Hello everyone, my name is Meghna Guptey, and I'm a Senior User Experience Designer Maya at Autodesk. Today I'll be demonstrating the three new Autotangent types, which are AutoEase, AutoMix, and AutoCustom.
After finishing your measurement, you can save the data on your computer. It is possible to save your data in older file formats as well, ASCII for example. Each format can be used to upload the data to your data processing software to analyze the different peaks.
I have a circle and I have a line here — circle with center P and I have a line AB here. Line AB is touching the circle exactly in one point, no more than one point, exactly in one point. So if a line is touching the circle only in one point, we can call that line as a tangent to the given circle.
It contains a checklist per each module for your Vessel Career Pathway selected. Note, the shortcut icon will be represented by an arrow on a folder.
-----
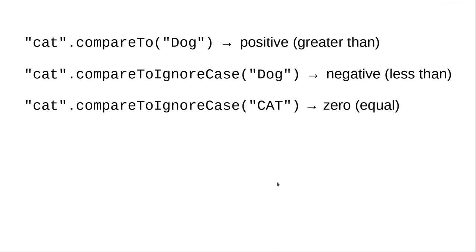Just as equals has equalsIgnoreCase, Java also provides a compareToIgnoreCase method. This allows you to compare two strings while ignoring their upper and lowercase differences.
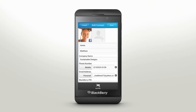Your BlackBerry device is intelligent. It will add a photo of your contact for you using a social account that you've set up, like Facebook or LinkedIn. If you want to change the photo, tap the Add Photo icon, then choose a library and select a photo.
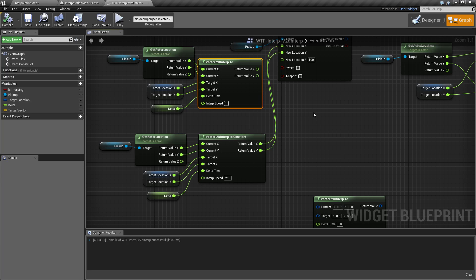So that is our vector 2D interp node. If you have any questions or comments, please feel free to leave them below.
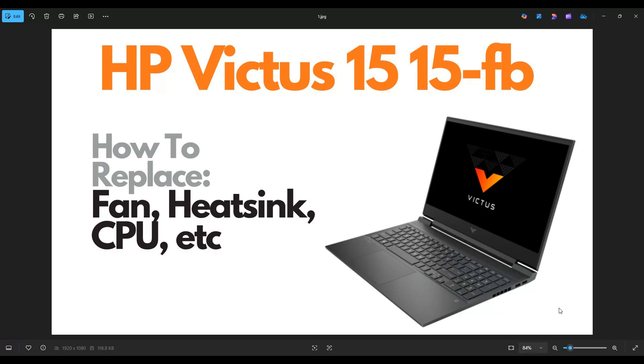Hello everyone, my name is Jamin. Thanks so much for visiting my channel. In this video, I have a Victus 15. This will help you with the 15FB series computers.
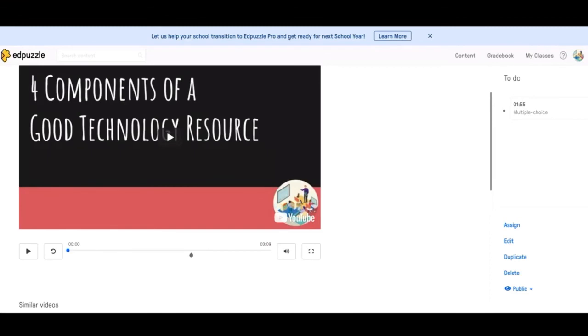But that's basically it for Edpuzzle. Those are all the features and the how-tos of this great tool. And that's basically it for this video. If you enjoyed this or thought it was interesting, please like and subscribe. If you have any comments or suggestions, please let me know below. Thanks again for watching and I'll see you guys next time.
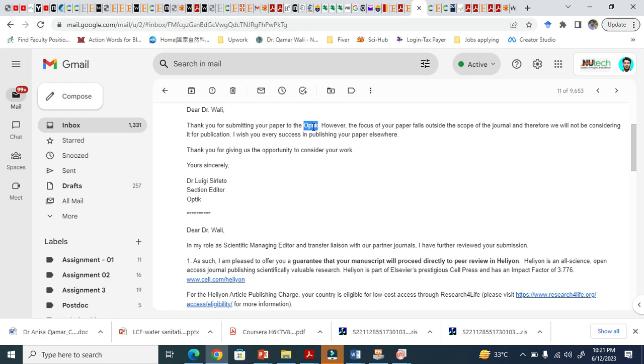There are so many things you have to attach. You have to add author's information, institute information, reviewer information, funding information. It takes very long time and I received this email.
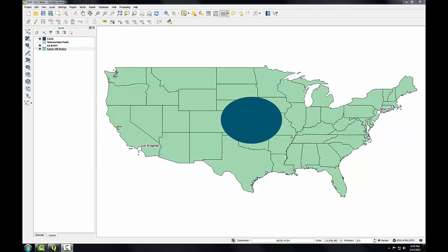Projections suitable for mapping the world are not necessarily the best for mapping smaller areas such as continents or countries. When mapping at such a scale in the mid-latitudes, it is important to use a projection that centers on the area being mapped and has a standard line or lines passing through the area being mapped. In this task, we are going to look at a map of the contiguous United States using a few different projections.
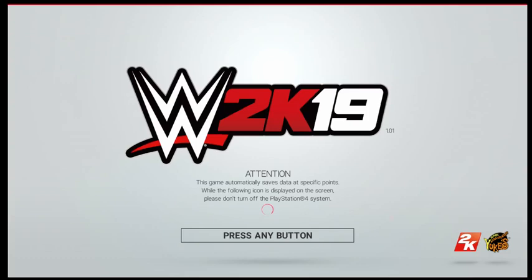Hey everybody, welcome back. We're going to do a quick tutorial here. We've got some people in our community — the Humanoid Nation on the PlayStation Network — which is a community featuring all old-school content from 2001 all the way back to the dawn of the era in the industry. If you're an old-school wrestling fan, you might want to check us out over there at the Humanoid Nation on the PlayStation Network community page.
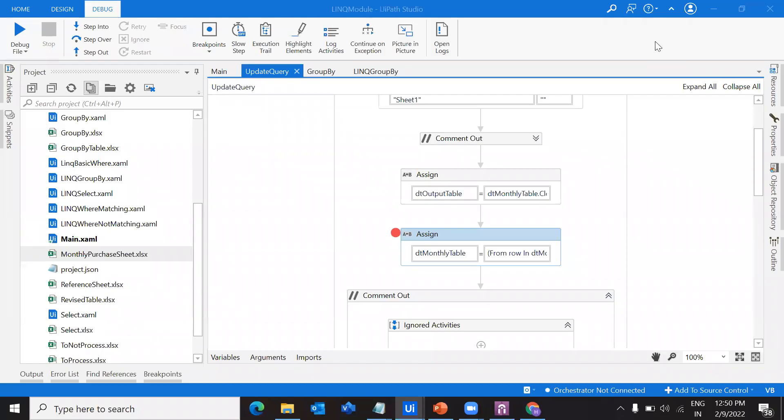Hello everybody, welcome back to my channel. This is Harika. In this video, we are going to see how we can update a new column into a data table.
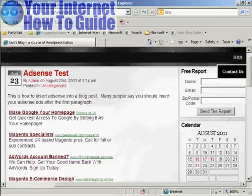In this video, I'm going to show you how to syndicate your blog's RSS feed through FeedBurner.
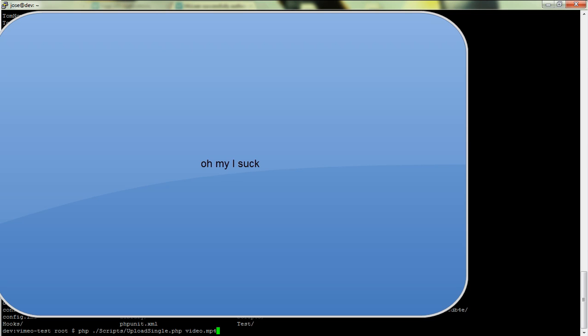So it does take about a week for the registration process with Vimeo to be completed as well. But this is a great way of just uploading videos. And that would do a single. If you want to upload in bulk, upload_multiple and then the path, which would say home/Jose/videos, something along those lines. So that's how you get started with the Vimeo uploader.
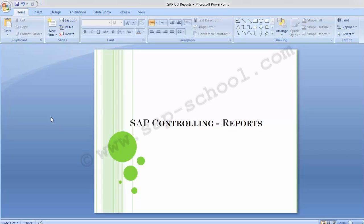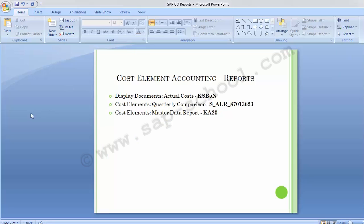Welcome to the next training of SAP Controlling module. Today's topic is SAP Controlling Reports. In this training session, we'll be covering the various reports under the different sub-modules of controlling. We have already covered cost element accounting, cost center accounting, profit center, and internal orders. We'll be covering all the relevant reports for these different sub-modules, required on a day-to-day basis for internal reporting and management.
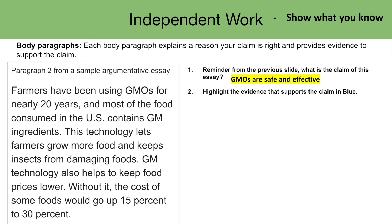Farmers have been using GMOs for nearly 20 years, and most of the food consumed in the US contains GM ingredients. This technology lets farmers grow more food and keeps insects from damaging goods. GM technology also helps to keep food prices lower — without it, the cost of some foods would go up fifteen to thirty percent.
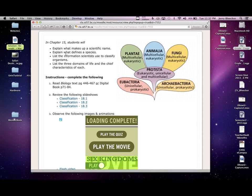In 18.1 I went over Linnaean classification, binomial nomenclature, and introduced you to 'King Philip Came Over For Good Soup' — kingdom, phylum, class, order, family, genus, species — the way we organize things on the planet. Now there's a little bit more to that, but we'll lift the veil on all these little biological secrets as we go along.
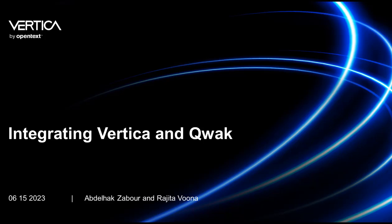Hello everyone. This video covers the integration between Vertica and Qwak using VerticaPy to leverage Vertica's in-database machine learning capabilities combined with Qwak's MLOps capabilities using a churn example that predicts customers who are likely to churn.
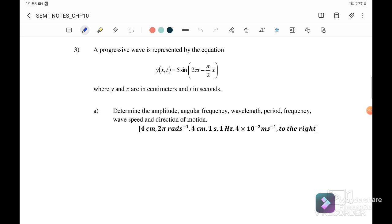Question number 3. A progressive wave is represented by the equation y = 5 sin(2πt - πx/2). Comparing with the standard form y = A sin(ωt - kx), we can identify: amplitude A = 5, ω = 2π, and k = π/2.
-----
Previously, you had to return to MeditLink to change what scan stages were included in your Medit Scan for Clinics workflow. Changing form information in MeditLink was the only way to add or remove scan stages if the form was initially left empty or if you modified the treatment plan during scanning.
-----
= EXERCISE REQUIREMENTS =
Range to copy from the records above: the line containing "Hello everyone. This" to the line containing "Question number 3.", both included. Output those lines exactly and only those, skipping pictures.

= SOLUTION =
Hello everyone. This video covers the integration between Vertica and Qwak using VerticaPy to leverage Vertica's in-database machine learning capabilities combined with Qwak's MLOps capabilities using a churn example that predicts customers who are likely to churn.
Question number 3. A progressive wave is represented by the equation y = 5 sin(2πt - πx/2). Comparing with the standard form y = A sin(ωt - kx), we can identify: amplitude A = 5, ω = 2π, and k = π/2.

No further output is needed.